Sentinel BIG DATA

Once again it is time for a BIG DATA download, which is useful when you need dozens or hundreds of scenes. People have come up with some Python (e.g., sentinelsat or Sentinel_download) and R libraries (e.g., sentinel2) in recent years to automatically copy Sentinel data from the ESA servers. All of these libraries are based on two Application Program Interfaces (APIs) provided by the ESA Data Hub used for browsing and downloading the data stored in the rolling archives.
We will take a closer look at ESA’s underlying, official script and we will use it to automatically download ALL records of any of your search queries. The script is named dhusget.sh and already deposited in our VM (or available for download here). You need to have a Linux Environment with wget installed (such as our VM) in order to use the script, which is a Unix shell script (.sh).
First of all, let us have a look at a blueprint of the command, we will adapt to your needs in the following:

/home/student/Documents/dhusget.sh -d https://scihub.copernicus.eu/dhus -l 100 -P 1 -C /media/sf_exchange/product_list.csv -u user123 -p password123 -o product -O /media/sf_exchange/sentineldata -R /media/sf_exchange/sentinel_data/failed.txt -F 'query'

Explanation: That is a lot of options! Each option is separated from the next by a blank. Anyway, you do not need to modify most of those options:

  • /home/student/Documents/dhusget.sh: location of shell script in the VM
  • -d https://scihub.copernicus.eu/dhus: the URL of the Data Hub Service
  • -l 100: number of results per page (100 max.)
  • -P 1: page number (each page contains a maximum of 100 results)
  • -C /media/sf_exchange/product_list.csv: write all products found to a list and save it as a CSV text file
  • -u user123: insert your ESA SciHUB username here
  • -p password123: insert your ESA SciHUB password here
  • -o product: activate download for the Product ZIP files
  • -O /media/sf_exchange/sentineldata: folder where downloaded Sentinel data will be stored
  • -R /media/sf_exchange/sentinel_data/failed.txt: file listing products which failed to download
  • -F ‘query’: this is the full text query you can copy/paste from the ESA SciHUB website

If you use our VM, you just need to replace your username -u user123 and password -p password123 with your own login information. Actually, you only need to integrate your search query in -F ‘query’ as a last step. Thus, visit the ESA Sci-HUB portal and set your data query to your liking as shown in Perform a Search section. In the upper part of the result window, the query can be obtained in text form. This is an example of a query giving all Sentinel 2 products sensed between the first and second of June 2018 globally:

Free text OpenSearch query example and number of products available

You will want to mark and copy the whole query expression and paste it between the simple quotes of the -F ‘query’ option, like so:

-F ' ( beginPosition:[2018-06-01T00:00:00.000Z TO 2018-06-02T23:59:59.999Z] AND endPosition:[2018-06-01T00:00:00.000Z TO 2018-06-02T23:59:59.999Z] ) AND (platformname:Sentinel-2) '

Open a terminal (taskbar in our VM) and type in the complete query, e.g.:

Terminal with exemplary download command for 100 Sentinel 2 products

By pressing enter it will start downloading up to 100 scenes at once. Previously downloaded scenes will not be downloaded again, and if the internet connection is lost, the download will continue at that point when restarting the script. When a scene is fully loaded, the MD5 integrity will be checked, telling you whether the file is complete or not. If not, the scene is written to a text file to notify you -R /media/sf_exchange/sentinel_data/failed.txt.

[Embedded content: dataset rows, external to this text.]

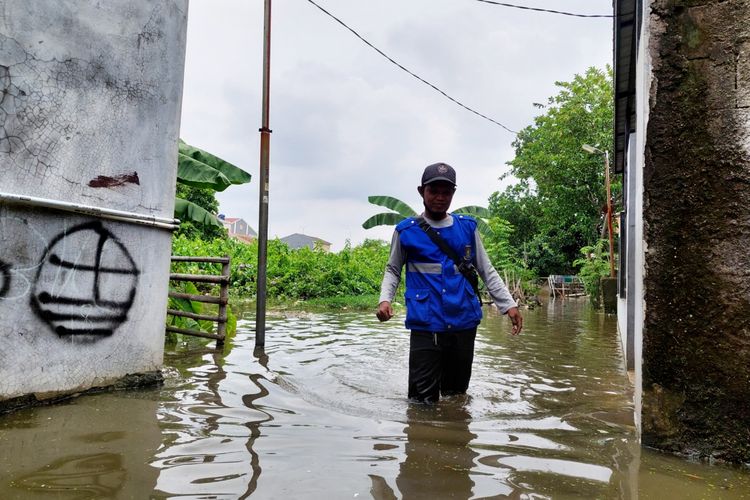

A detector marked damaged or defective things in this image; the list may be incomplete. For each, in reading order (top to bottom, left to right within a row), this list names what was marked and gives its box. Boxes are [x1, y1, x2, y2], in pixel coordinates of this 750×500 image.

cracked plaster wall [0, 0, 188, 402]
rusty metal railing [167, 256, 229, 346]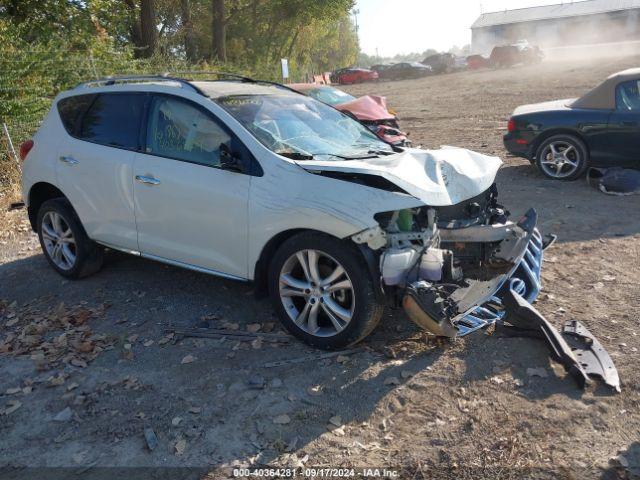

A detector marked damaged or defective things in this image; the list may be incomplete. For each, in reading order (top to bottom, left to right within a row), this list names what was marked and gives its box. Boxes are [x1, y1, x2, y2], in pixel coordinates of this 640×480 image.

damaged white suv [20, 77, 544, 350]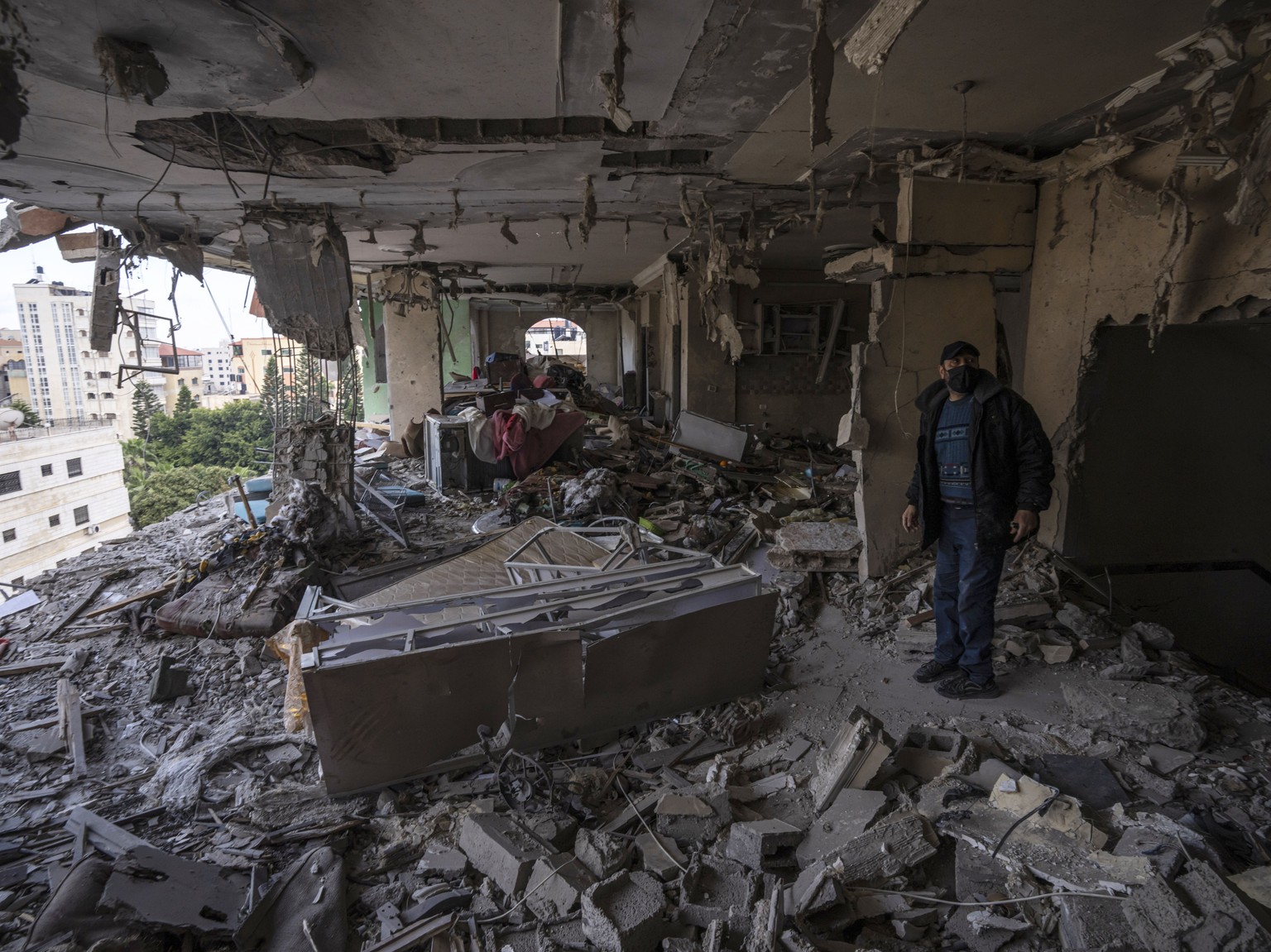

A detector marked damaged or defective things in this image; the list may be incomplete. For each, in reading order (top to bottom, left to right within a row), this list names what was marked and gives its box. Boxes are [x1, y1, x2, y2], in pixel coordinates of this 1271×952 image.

damaged column [827, 174, 1039, 576]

By doing a search query on the ESA SciHUB Website, you can also see the resulting products available (which is the insane amount of 24,360 in our example – you probably do not need that many). However, for some reason ESA capped the maximum amount of scenes you can query/download at once at 100. Because of that, you will only download the search results 1-100. In order to download search results 101-200 you have to change the result page with the option -P 2, for the search results 201-300 set this option to -P 3, and so on. If required, this could also be automated, either by a shell script or in R.